» Items listed in a dataset:

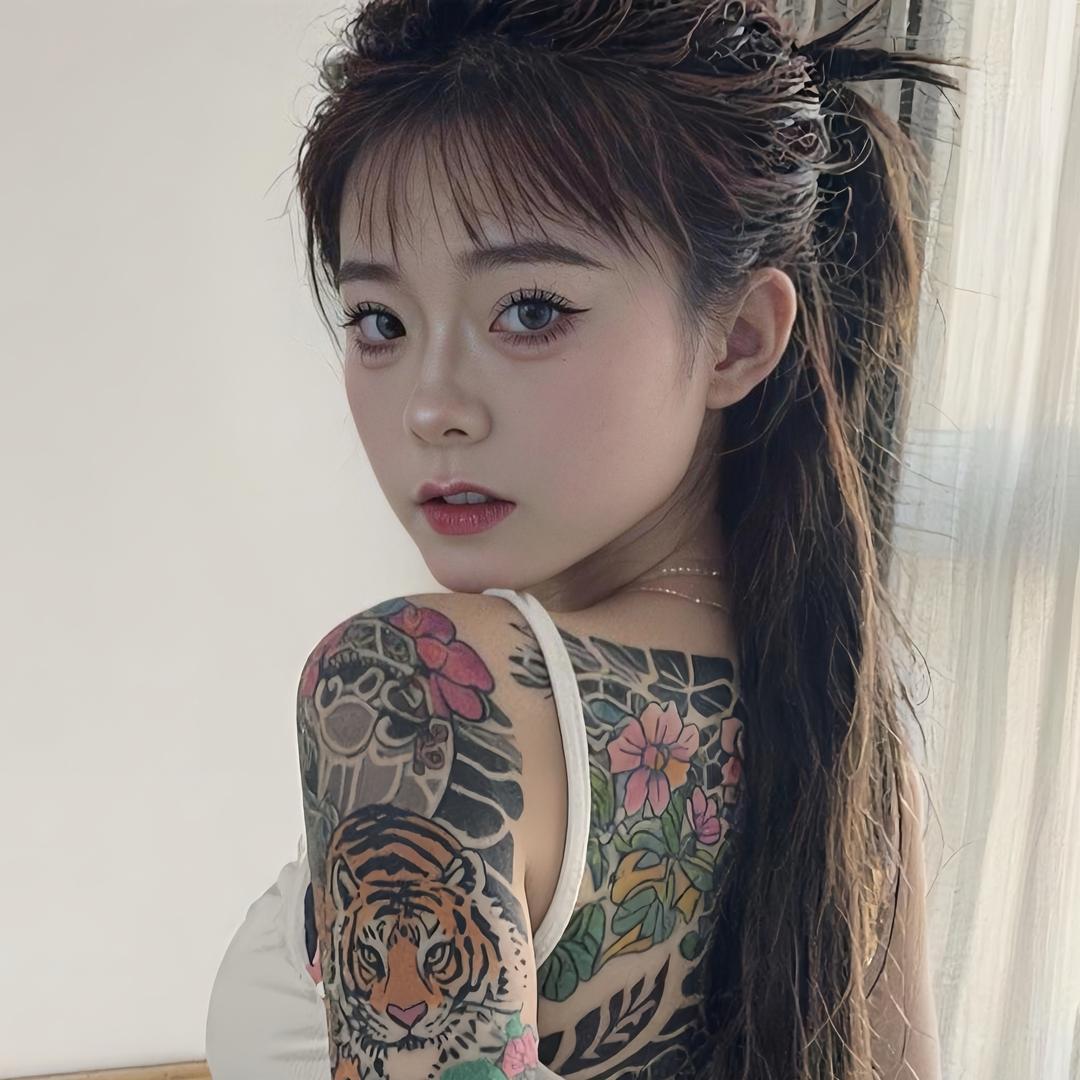 -媄子.🧸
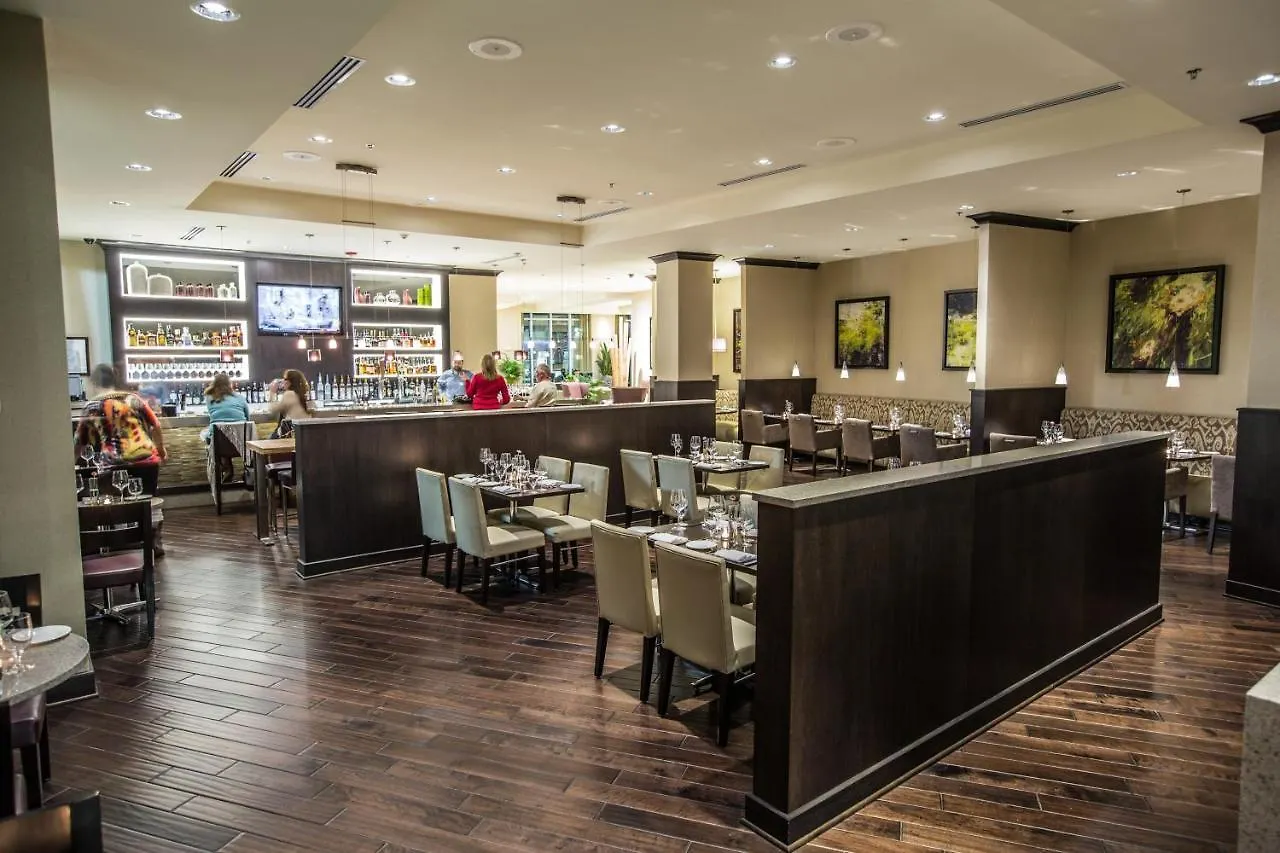 Live Oak, Historic District, A Tribute Portfolio 3*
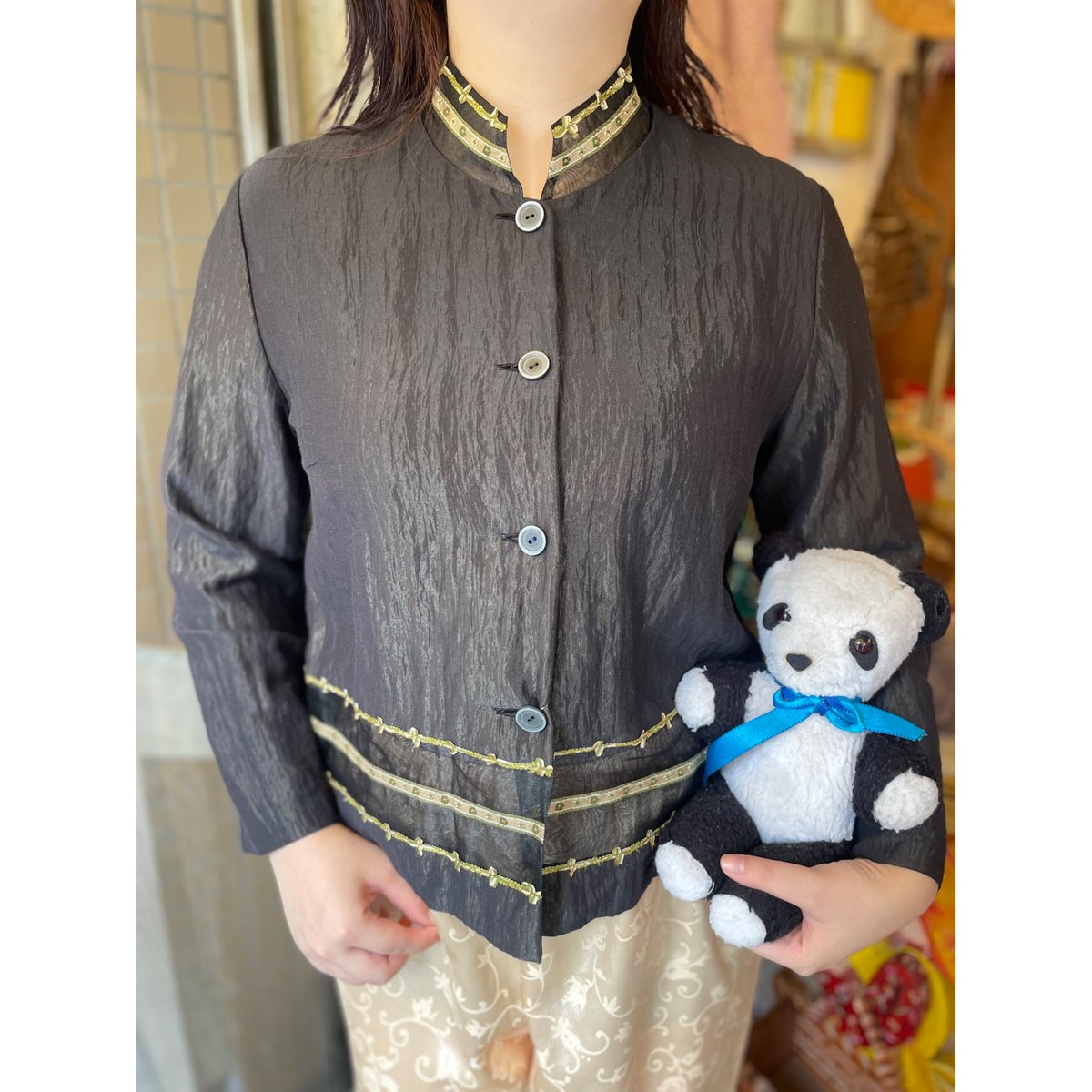 tops 447[na299] | JuRian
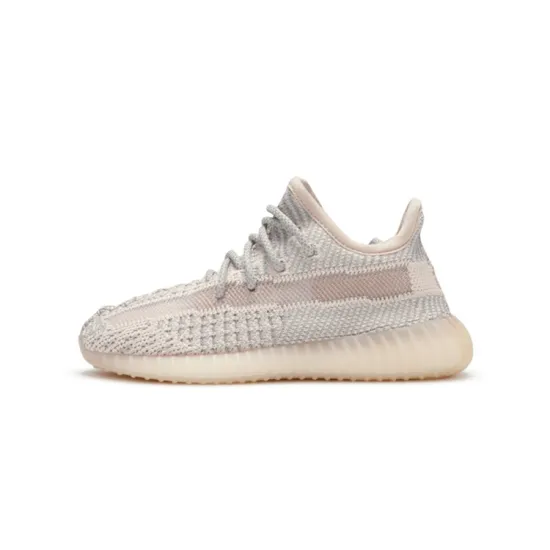Adidas Yeezy Boost 350 V2 Synth Infants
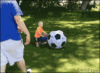 Dad-kid-soccer-ball-headshot.gif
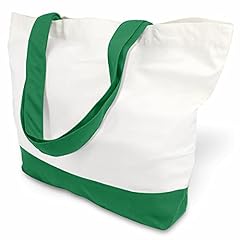 Topdesign pack super for sale  Delivered anywhere in USA 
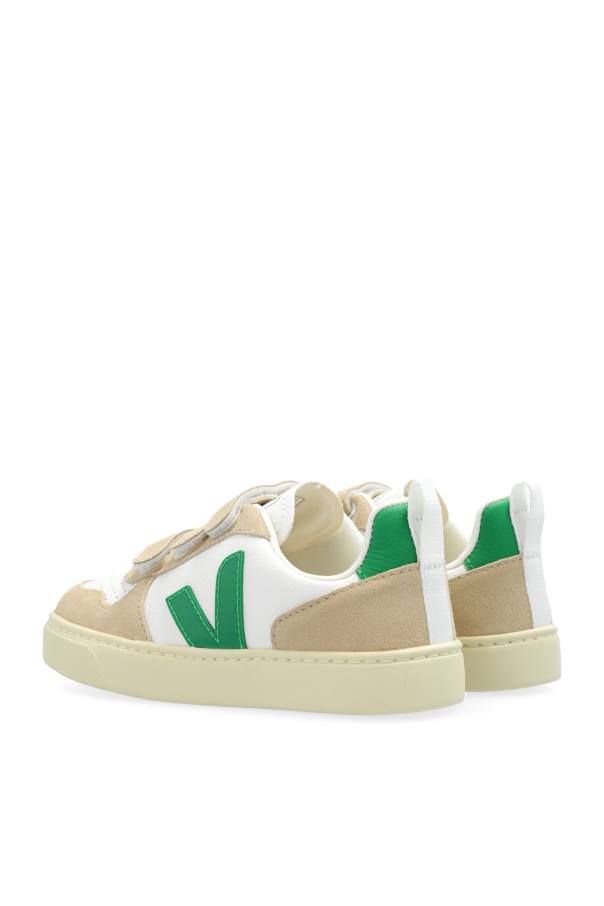 Veja Kids Sneakers V-10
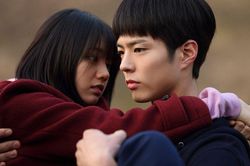 Nhạc phim 'Reply 1988' gợi nhắc những nuối tiếc thanh xuân đẹp đẽ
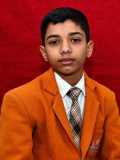ABHINAV-KUMAR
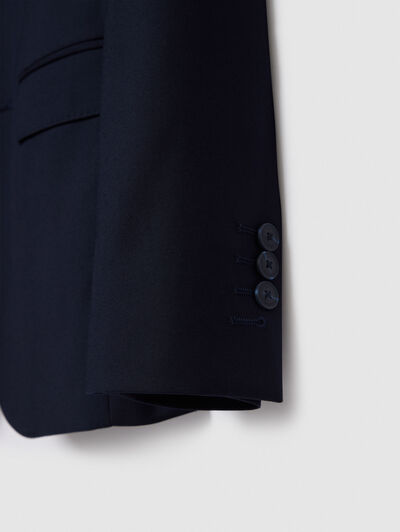 AMERICANA TWILL KDT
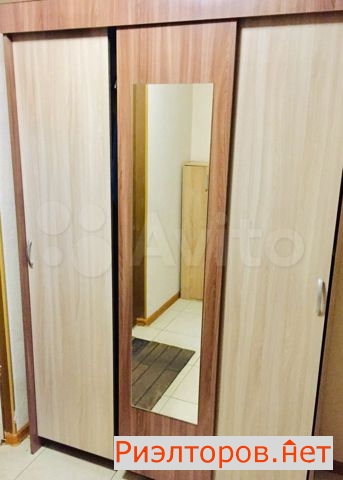 ����� ������� ��������� ��������� ����� 16�6 (���� �9)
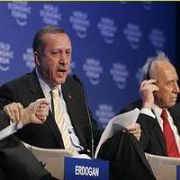 SESİN YÜKSEK ÇIKIYIOR  NASILTERCÜME EDİLMİŞ?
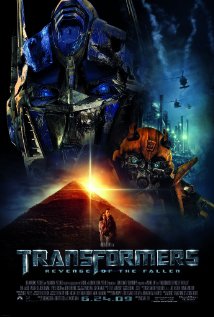 Watch Transformers 2: Revenge of the Fallen Online Watch Transformers 2: Revenge of the Fallen Online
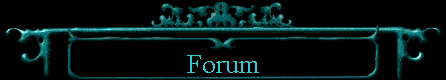 Forum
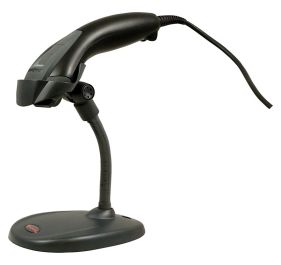 Honeywell 1400G1D-1 Barcode Scanner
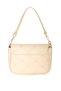 Beverly Hills Polo Club Women's Crossbody Bag 05BHPC8026 - 5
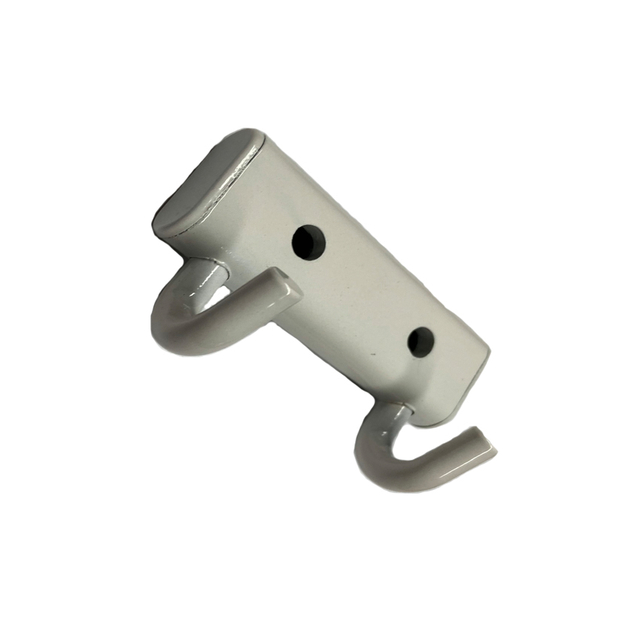 Крючок Настенный Крючок Для Пальто Настенный Крючок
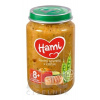 Hami príkrm Pestrá zelenina s morkou (od ukonč. 8. mesiaca) 1x200 g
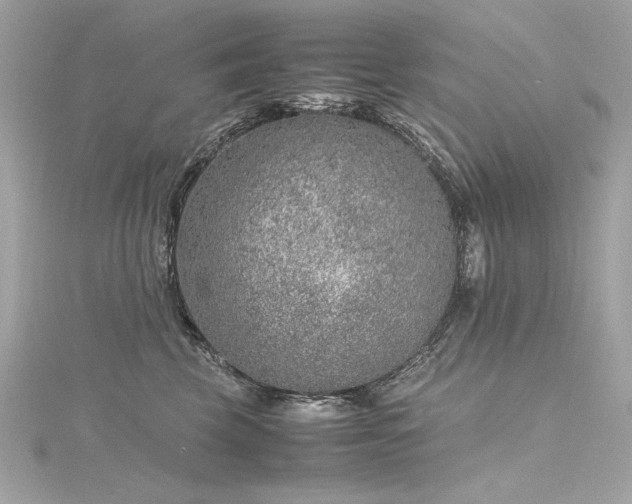 X0000116350569200912011413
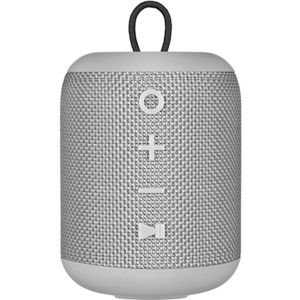 Grey 002130992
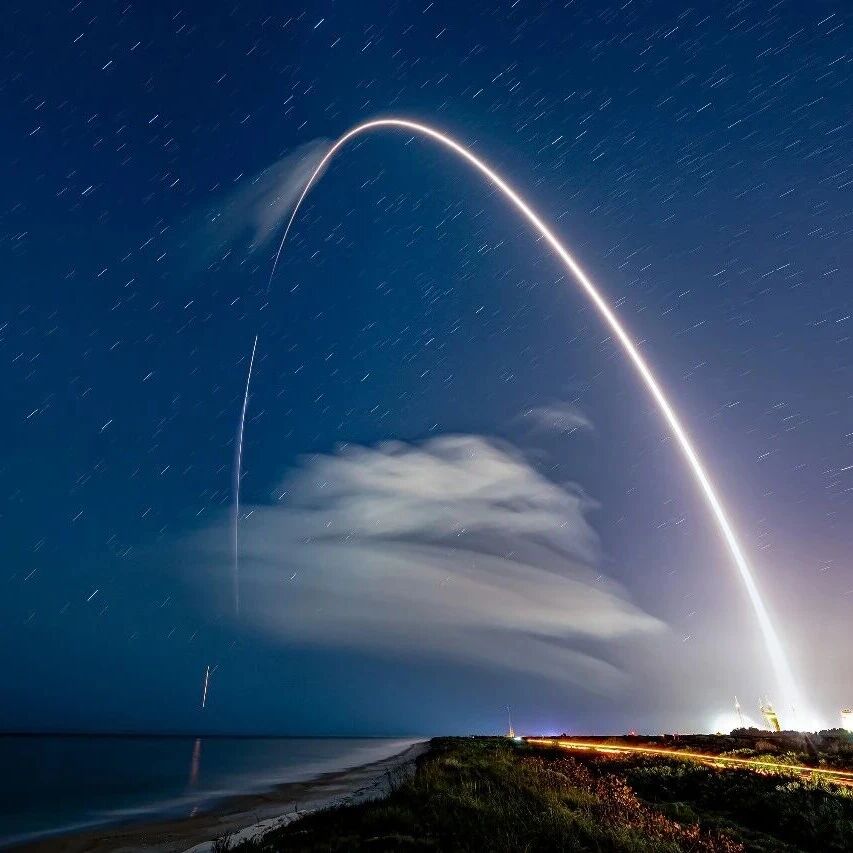 太空能源企业“恒星力量”完成亿元天使轮融资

» PROBLEM DESCRIPTION:
Every line from the one bearing "Topdesign pack super" through the end of the data above must be output exactly, and no picture may appear.

» THE ANSWER:
 Topdesign pack super for sale  Delivered anywhere in USA 
 Veja Kids Sneakers V-10
 Nhạc phim 'Reply 1988' gợi nhắc những nuối tiếc thanh xuân đẹp đẽ
ABHINAV-KUMAR
 AMERICANA TWILL KDT
 ����� ������� ��������� ��������� ����� 16�6 (���� �9)
 SESİN YÜKSEK ÇIKIYIOR  NASILTERCÜME EDİLMİŞ?
 Watch Transformers 2: Revenge of the Fallen Online Watch Transformers 2: Revenge of the Fallen Online
 Forum
 Honeywell 1400G1D-1 Barcode Scanner
 Beverly Hills Polo Club Women's Crossbody Bag 05BHPC8026 - 5
 Крючок Настенный Крючок Для Пальто Настенный Крючок
 Hami príkrm Pestrá zelenina s morkou (od ukonč. 8. mesiaca) 1x200 g
 X0000116350569200912011413
 Grey 002130992
 太空能源企业“恒星力量”完成亿元天使轮融资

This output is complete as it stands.